───── Task material
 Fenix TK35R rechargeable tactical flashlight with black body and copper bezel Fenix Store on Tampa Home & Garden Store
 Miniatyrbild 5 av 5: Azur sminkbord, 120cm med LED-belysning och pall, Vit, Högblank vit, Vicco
──────────
───── Task material
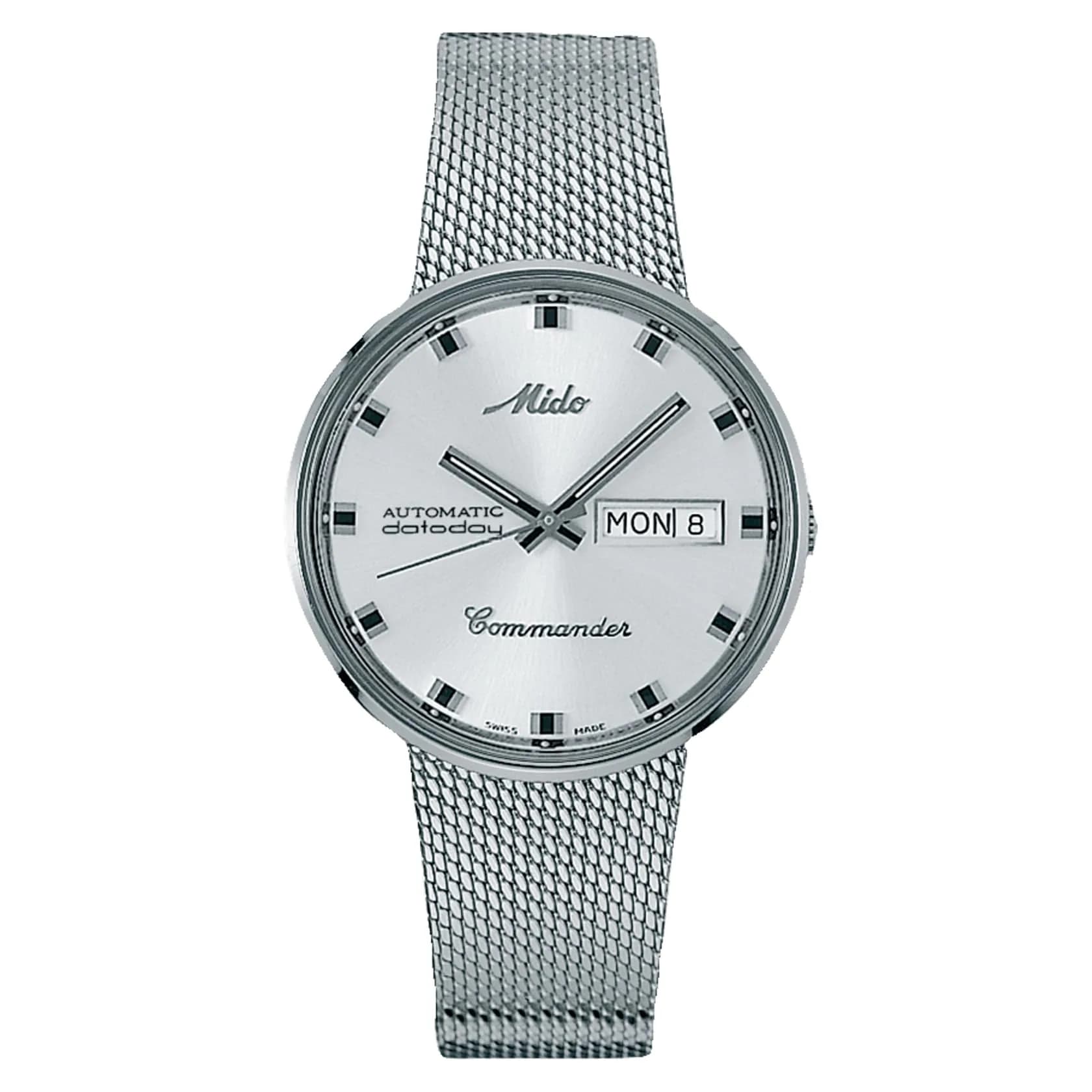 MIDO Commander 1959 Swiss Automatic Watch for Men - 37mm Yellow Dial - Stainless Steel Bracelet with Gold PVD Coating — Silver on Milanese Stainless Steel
──────────
- Task description
Every line above from the line with "Fenix TK35R rechargeable" to the line with "Miniatyrbild 5 av" is wanted, ends included; write them out exactly and add no other line.

- Answer for the task
 Fenix TK35R rechargeable tactical flashlight with black body and copper bezel Fenix Store on Tampa Home & Garden Store
 Miniatyrbild 5 av 5: Azur sminkbord, 120cm med LED-belysning och pall, Vit, Högblank vit, Vicco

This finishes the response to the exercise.